Short text fragments from websites:
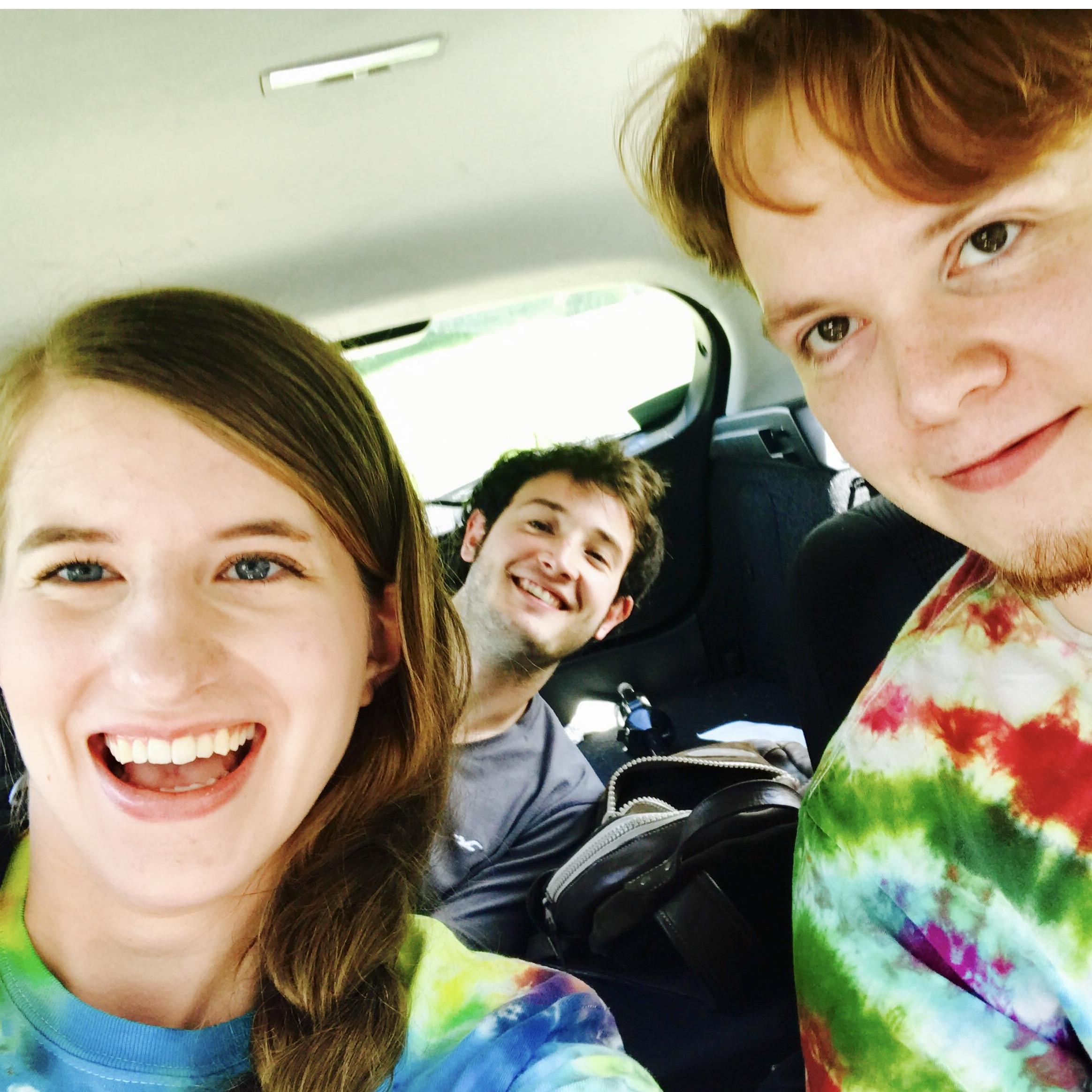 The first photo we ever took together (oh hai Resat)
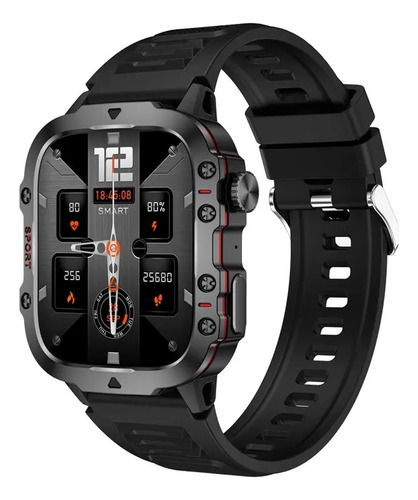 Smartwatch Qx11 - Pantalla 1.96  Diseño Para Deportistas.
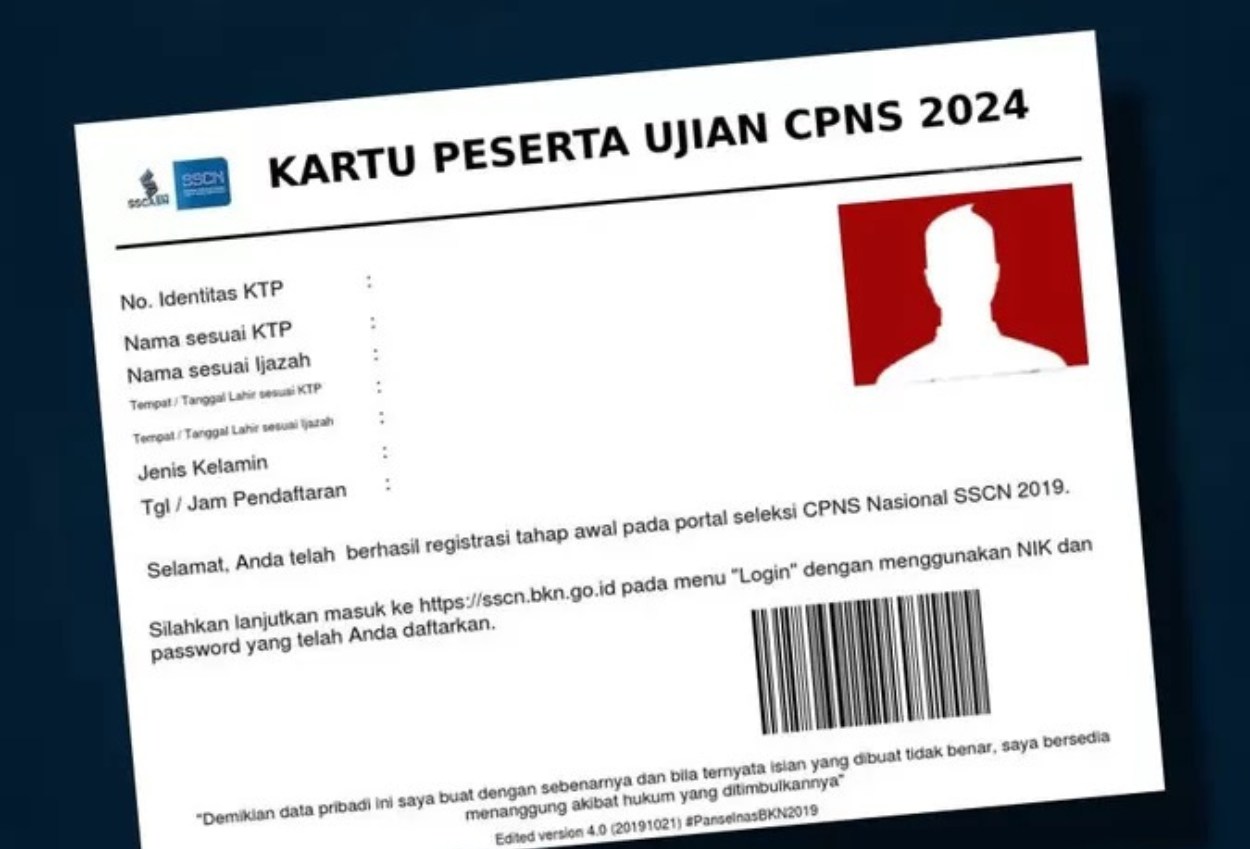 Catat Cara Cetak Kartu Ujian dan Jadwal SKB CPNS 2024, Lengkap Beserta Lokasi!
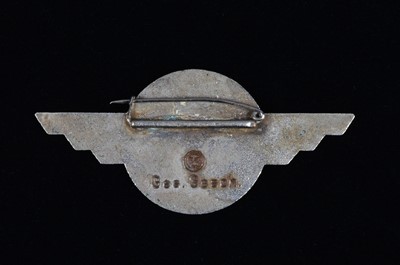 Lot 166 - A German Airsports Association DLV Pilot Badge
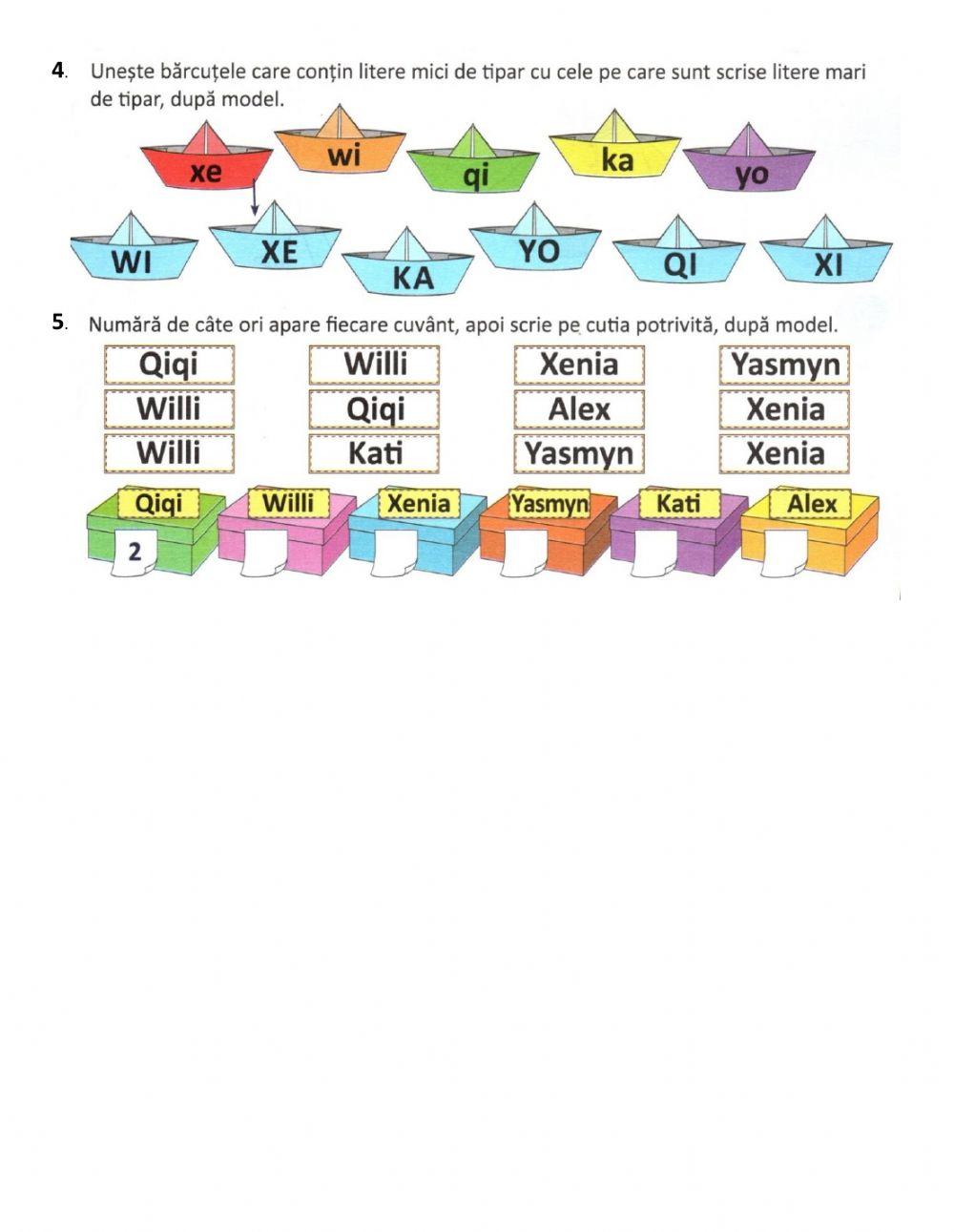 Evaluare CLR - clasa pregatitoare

## About this task
In the records, the line containing "Catat Cara Cetak" starts the span and the final line ends it. Output exactly that span, both ends included, with no pictures and nothing else.

## Expected output
 Catat Cara Cetak Kartu Ujian dan Jadwal SKB CPNS 2024, Lengkap Beserta Lokasi!
 Lot 166 - A German Airsports Association DLV Pilot Badge
 Evaluare CLR - clasa pregatitoare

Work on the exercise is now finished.